Prompt | From the line that includes "Loungefly Disney's Mulan" down to the final line of the data below, copy every line exactly and leave the rest out.

Segment Start: Data for processing

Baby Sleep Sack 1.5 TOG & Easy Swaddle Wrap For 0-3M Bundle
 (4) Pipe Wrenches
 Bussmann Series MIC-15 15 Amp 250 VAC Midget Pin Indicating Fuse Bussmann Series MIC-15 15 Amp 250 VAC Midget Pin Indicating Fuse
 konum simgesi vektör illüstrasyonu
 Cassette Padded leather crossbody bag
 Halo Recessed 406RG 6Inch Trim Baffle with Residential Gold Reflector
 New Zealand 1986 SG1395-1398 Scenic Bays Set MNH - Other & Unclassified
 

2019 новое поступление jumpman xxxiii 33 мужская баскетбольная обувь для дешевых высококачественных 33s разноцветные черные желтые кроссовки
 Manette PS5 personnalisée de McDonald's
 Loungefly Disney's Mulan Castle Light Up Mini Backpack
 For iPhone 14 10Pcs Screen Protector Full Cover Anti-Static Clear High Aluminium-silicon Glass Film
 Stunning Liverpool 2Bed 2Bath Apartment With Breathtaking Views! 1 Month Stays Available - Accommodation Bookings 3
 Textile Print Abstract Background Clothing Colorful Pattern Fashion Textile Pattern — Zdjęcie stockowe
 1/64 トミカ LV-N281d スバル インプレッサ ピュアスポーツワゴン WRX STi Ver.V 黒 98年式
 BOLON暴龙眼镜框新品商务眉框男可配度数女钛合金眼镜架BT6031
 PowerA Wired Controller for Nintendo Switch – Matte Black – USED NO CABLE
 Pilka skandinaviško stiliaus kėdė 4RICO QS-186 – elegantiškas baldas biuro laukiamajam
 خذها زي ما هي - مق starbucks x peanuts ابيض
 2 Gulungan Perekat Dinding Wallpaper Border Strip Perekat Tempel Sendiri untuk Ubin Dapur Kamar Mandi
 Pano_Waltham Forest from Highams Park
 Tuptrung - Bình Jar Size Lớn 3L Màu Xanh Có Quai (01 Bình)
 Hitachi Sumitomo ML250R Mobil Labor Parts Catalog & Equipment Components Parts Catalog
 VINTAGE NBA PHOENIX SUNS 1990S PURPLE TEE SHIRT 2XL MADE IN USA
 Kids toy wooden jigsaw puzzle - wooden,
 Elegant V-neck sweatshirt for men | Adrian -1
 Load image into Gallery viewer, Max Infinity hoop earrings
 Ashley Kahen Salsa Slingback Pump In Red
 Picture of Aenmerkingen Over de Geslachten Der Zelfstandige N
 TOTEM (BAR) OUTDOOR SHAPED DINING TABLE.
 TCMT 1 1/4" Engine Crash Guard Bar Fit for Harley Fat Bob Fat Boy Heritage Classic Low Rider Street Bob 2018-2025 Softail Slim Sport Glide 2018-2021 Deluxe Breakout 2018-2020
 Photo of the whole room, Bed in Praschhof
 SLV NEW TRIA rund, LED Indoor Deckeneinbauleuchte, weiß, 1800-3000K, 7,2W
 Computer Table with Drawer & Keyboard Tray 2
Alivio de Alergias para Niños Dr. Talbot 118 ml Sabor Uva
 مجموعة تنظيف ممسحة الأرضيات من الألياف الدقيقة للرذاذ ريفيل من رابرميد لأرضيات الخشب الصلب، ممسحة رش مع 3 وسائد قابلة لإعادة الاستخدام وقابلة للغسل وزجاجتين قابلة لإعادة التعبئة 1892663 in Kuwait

Segment End: Data for processing

Response area |
 Loungefly Disney's Mulan Castle Light Up Mini Backpack
 For iPhone 14 10Pcs Screen Protector Full Cover Anti-Static Clear High Aluminium-silicon Glass Film
 Stunning Liverpool 2Bed 2Bath Apartment With Breathtaking Views! 1 Month Stays Available - Accommodation Bookings 3
 Textile Print Abstract Background Clothing Colorful Pattern Fashion Textile Pattern — Zdjęcie stockowe
 1/64 トミカ LV-N281d スバル インプレッサ ピュアスポーツワゴン WRX STi Ver.V 黒 98年式
 BOLON暴龙眼镜框新品商务眉框男可配度数女钛合金眼镜架BT6031
 PowerA Wired Controller for Nintendo Switch – Matte Black – USED NO CABLE
 Pilka skandinaviško stiliaus kėdė 4RICO QS-186 – elegantiškas baldas biuro laukiamajam
 خذها زي ما هي - مق starbucks x peanuts ابيض
 2 Gulungan Perekat Dinding Wallpaper Border Strip Perekat Tempel Sendiri untuk Ubin Dapur Kamar Mandi
 Pano_Waltham Forest from Highams Park
 Tuptrung - Bình Jar Size Lớn 3L Màu Xanh Có Quai (01 Bình)
 Hitachi Sumitomo ML250R Mobil Labor Parts Catalog & Equipment Components Parts Catalog
 VINTAGE NBA PHOENIX SUNS 1990S PURPLE TEE SHIRT 2XL MADE IN USA
 Kids toy wooden jigsaw puzzle - wooden,
 Elegant V-neck sweatshirt for men | Adrian -1
 Load image into Gallery viewer, Max Infinity hoop earrings
 Ashley Kahen Salsa Slingback Pump In Red
 Picture of Aenmerkingen Over de Geslachten Der Zelfstandige N
 TOTEM (BAR) OUTDOOR SHAPED DINING TABLE.
 TCMT 1 1/4" Engine Crash Guard Bar Fit for Harley Fat Bob Fat Boy Heritage Classic Low Rider Street Bob 2018-2025 Softail Slim Sport Glide 2018-2021 Deluxe Breakout 2018-2020
 Photo of the whole room, Bed in Praschhof
 SLV NEW TRIA rund, LED Indoor Deckeneinbauleuchte, weiß, 1800-3000K, 7,2W
 Computer Table with Drawer & Keyboard Tray 2
Alivio de Alergias para Niños Dr. Talbot 118 ml Sabor Uva
 مجموعة تنظيف ممسحة الأرضيات من الألياف الدقيقة للرذاذ ريفيل من رابرميد لأرضيات الخشب الصلب، ممسحة رش مع 3 وسائد قابلة لإعادة الاستخدام وقابلة للغسل وزجاجتين قابلة لإعادة التعبئة 1892663 in Kuwait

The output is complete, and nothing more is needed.